*WHAT YOU HAVE TO DO*:
An exact reproduction of the records is required. Images must be left out.

*EXTRACTED RECORDS*:
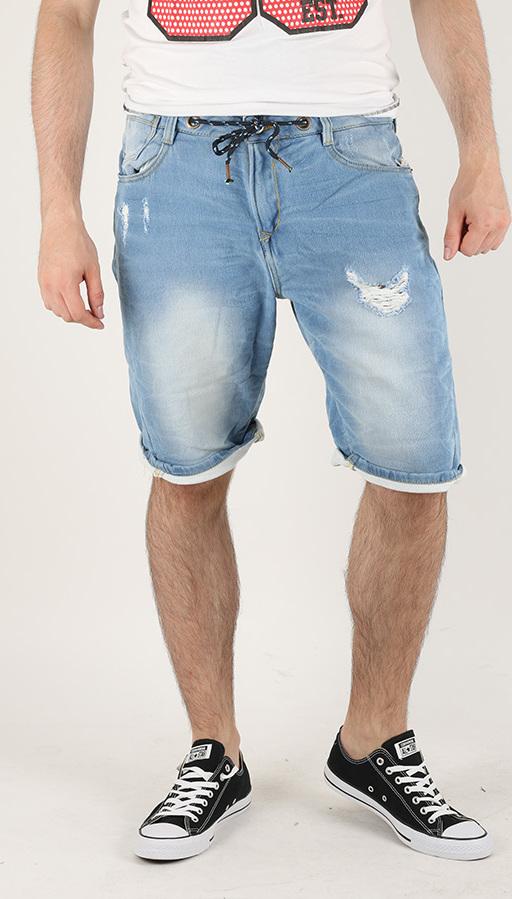 Kraťasy Alcott BACK POCKET DENIM BORDER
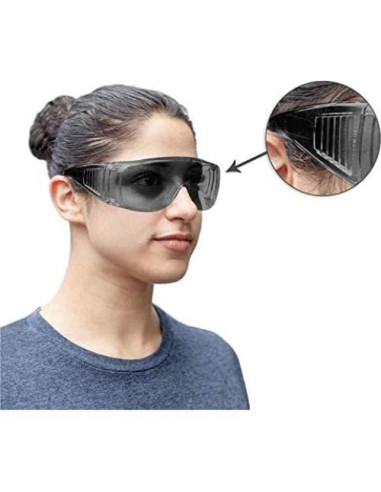 Gafas de Seguridad Bison Life Diamont Ventiladas Gris - 6 Pares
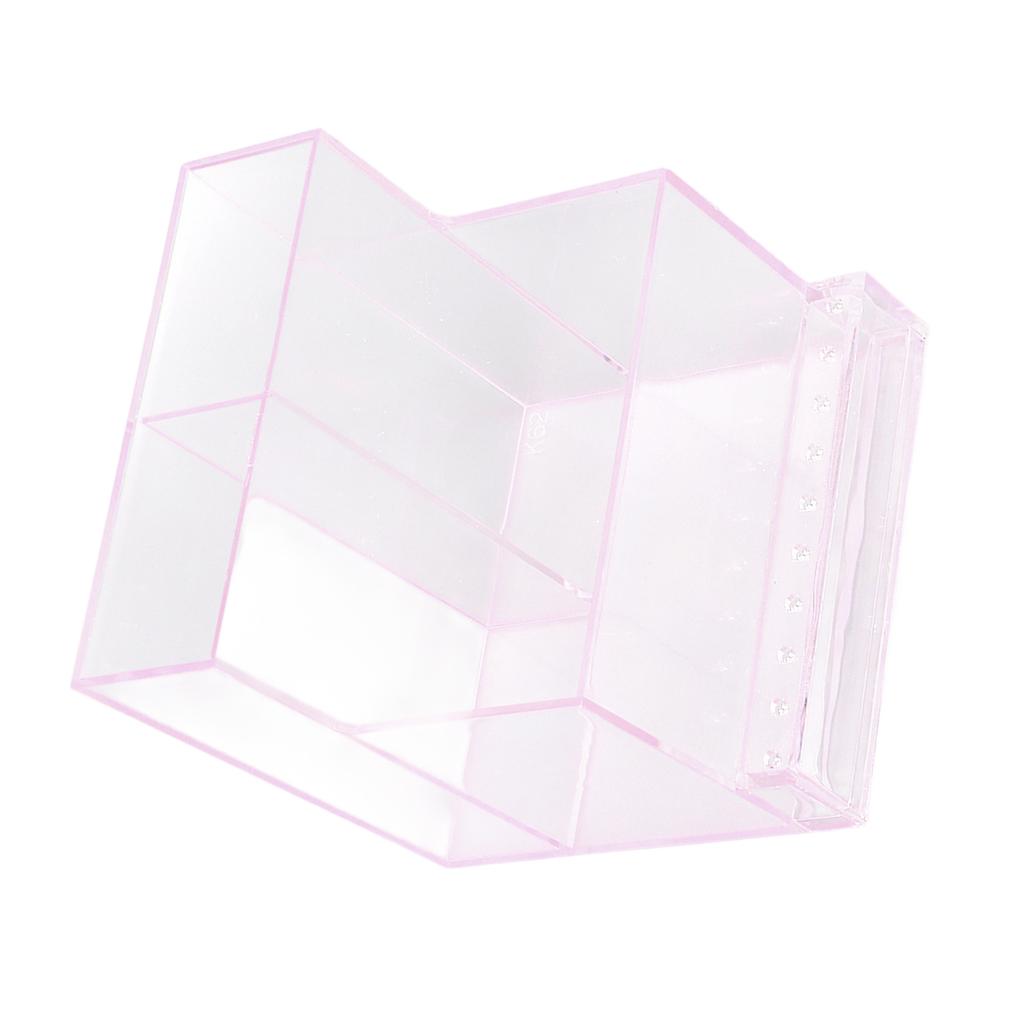 Nail Drill Machine Storage Box Acrylic Manicure Tool Storage Box Nail Art Storage Rack Pink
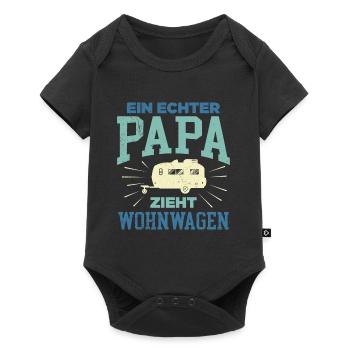 Un vrai papa tire caravane camping-car - Body à manches courtes Premium Bébé - noir - Devant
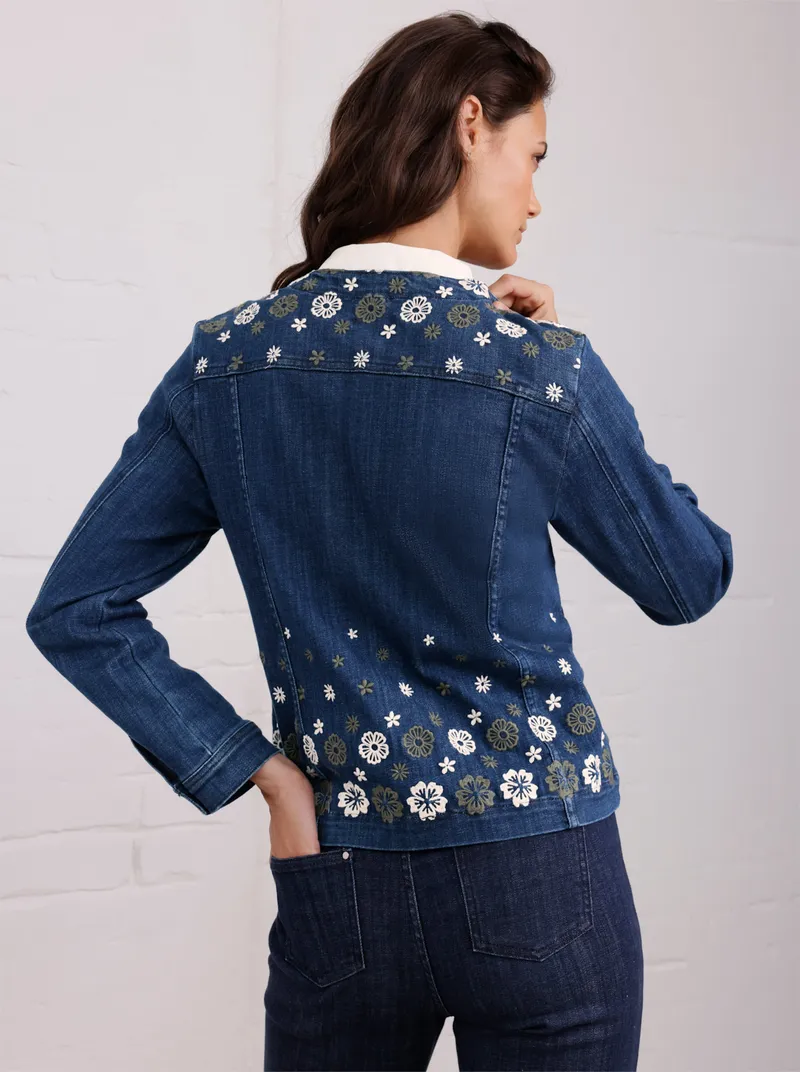 Jeansblazer, Blue-stone-washed, – Produktbild 2 von 3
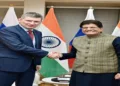 Russian Economic Development Minister Maxim Reshetnikov and Commerce and Industry Minister Piyush Goyal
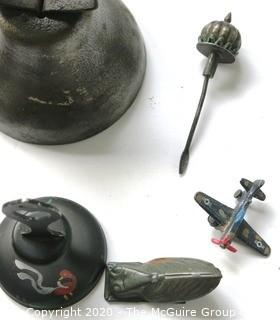 Group of Metal Items including Toys and Bells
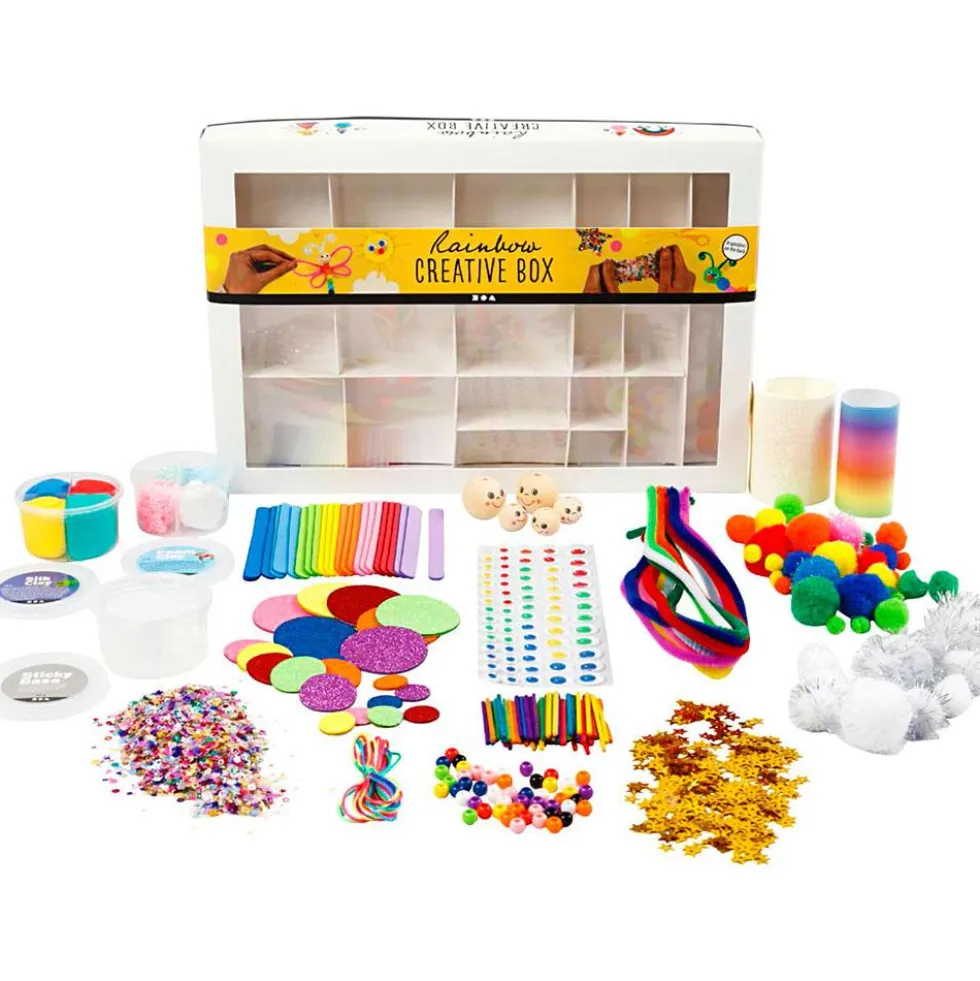 Caja de manualidades Rainbow Creativ Company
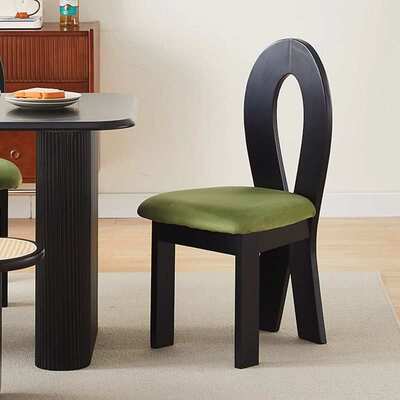 法式复古餐桌椅子实木餐椅家用凳子靠背椅北欧中古风钥匙扣人鱼椅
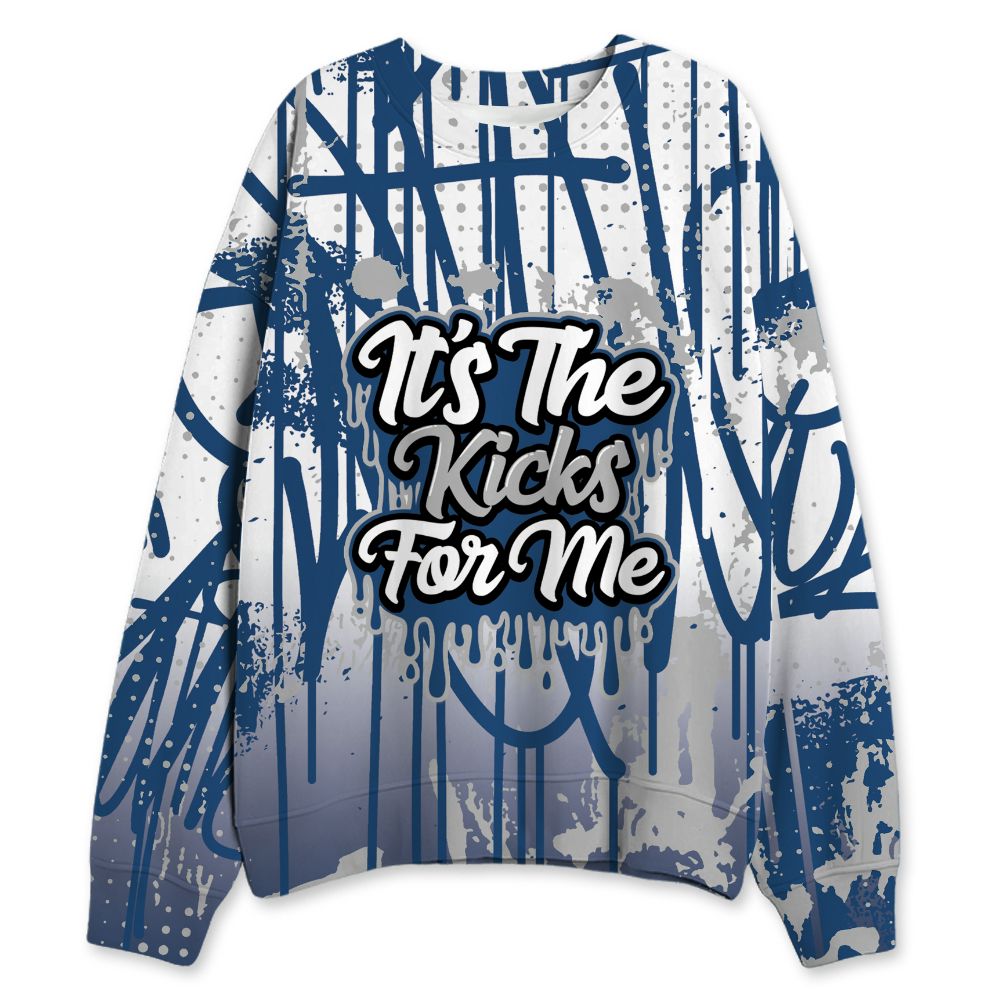 French-Blue-12s-NastyJamz-Sweatshirt-Match-Its-The-Kicks-All-Over-Print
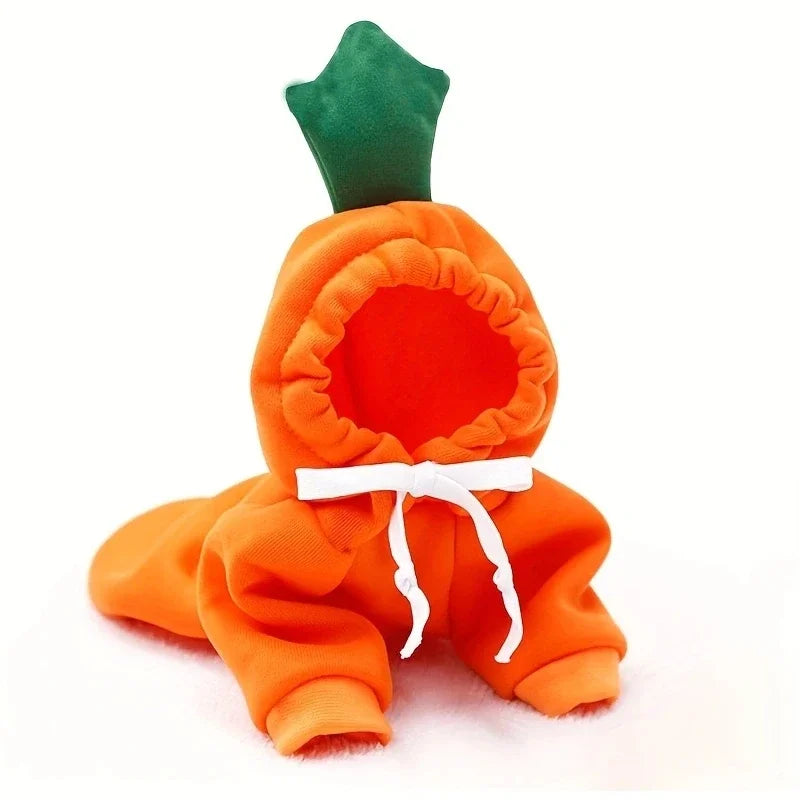 Fruit Print Fleece Dog Hoodie for Small Pets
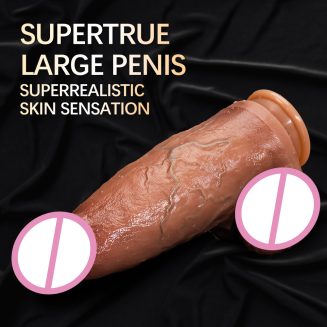 New simulated double-layer fully automatic dildo toy, masturbation stick, extra large size for female use.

*TASK SOLUTION*:
 Kraťasy Alcott BACK POCKET DENIM BORDER
 Gafas de Seguridad Bison Life Diamont Ventiladas Gris - 6 Pares
 Nail Drill Machine Storage Box Acrylic Manicure Tool Storage Box Nail Art Storage Rack Pink
 Un vrai papa tire caravane camping-car - Body à manches courtes Premium Bébé - noir - Devant
 Jeansblazer, Blue-stone-washed, – Produktbild 2 von 3
 Russian Economic Development Minister Maxim Reshetnikov and Commerce and Industry Minister Piyush Goyal
 Group of Metal Items including Toys and Bells
 Caja de manualidades Rainbow Creativ Company
 法式复古餐桌椅子实木餐椅家用凳子靠背椅北欧中古风钥匙扣人鱼椅
 French-Blue-12s-NastyJamz-Sweatshirt-Match-Its-The-Kicks-All-Over-Print
 Fruit Print Fleece Dog Hoodie for Small Pets
 New simulated double-layer fully automatic dildo toy, masturbation stick, extra large size for female use.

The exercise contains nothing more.